I want to calculate the variance of the maximum likelihood estimator of a Rayleigh distribution using $N$ observations.
The density probability function of this distribution is :
$$ f(\sigma,y_i) = \frac{y_i}{\sigma^2} e^{-\frac{y_i^2}{2\sigma^2}} $$
I also know that the mean is $\sigma \sqrt{\frac{\pi}{2}}$, its variance is $\frac{4 - \pi}{2}\sigma^2$ and its raw moments are $E[Y_i^k] = \sigma^k 2^{\frac{k}{2}}\Gamma(1+\frac{k}{2})$. Knowing this, I was able to calculate the maximum likelihood estimator $\hat{\sigma}^{2,ML} = \frac{\sum_{i=1}^{N} y_i^2}{2N}$
I calculated the mean of this estimator : $m_{\hat{\sigma}^{2,ML}} = E[\frac{\sum_{i=1}^{N} y_i^2}{2N}] = \frac{2N \sigma^2}{2N} = \sigma^2$ knowing that $E[y_i^2] = \sigma^2 2 \Gamma(2) = 2\sigma^2$.

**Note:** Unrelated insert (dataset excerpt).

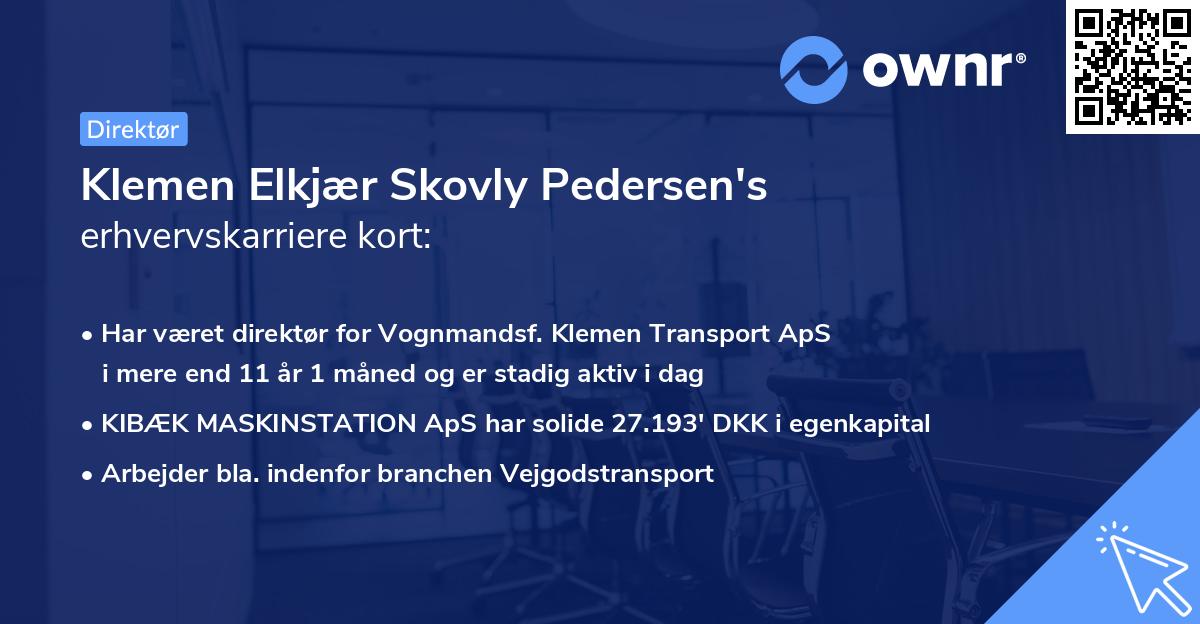 Klemen Elkjær Skovly Pedersen's erhvervskarriere kort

For the variance, however, I do not see how to do it. I have tried to do as follow:
$$ Var(Z) = E[Z^2] - E[Z]^2 = E[(\frac{\sum_{i=1}^{N} y_i^2}{2N})^2] - E[\frac{\sum_{i=1}^{N} y_i^2}{2N}]^2 = \frac{1}{4N^2} E[(\sum_{i=1}^{N}y_i^2)^2] - \sigma^4 $$
My problem is that I do not know how to calculate $E[(\sum_{i=1}^{N}y_i^2)^2]$. Could someone give me a hint ?
Thanks !
Since the independence of $Y_i$ and $Y_j, j \neq i$, implies that $Y_i^2$ and $Y_j^2$ also are independent random variables, $$E\left[\left(\sum_{i=1}^N Y_i^2\right)^2\right] = \left(\sum_{i=1}^N E[Y_i^4]\right) + 2\left(\sum_{i=1}^N\sum_{j=2}^N E[Y_i^2]E[Y_j^2]\right)$$ all of which expectations on the right have values that you know already.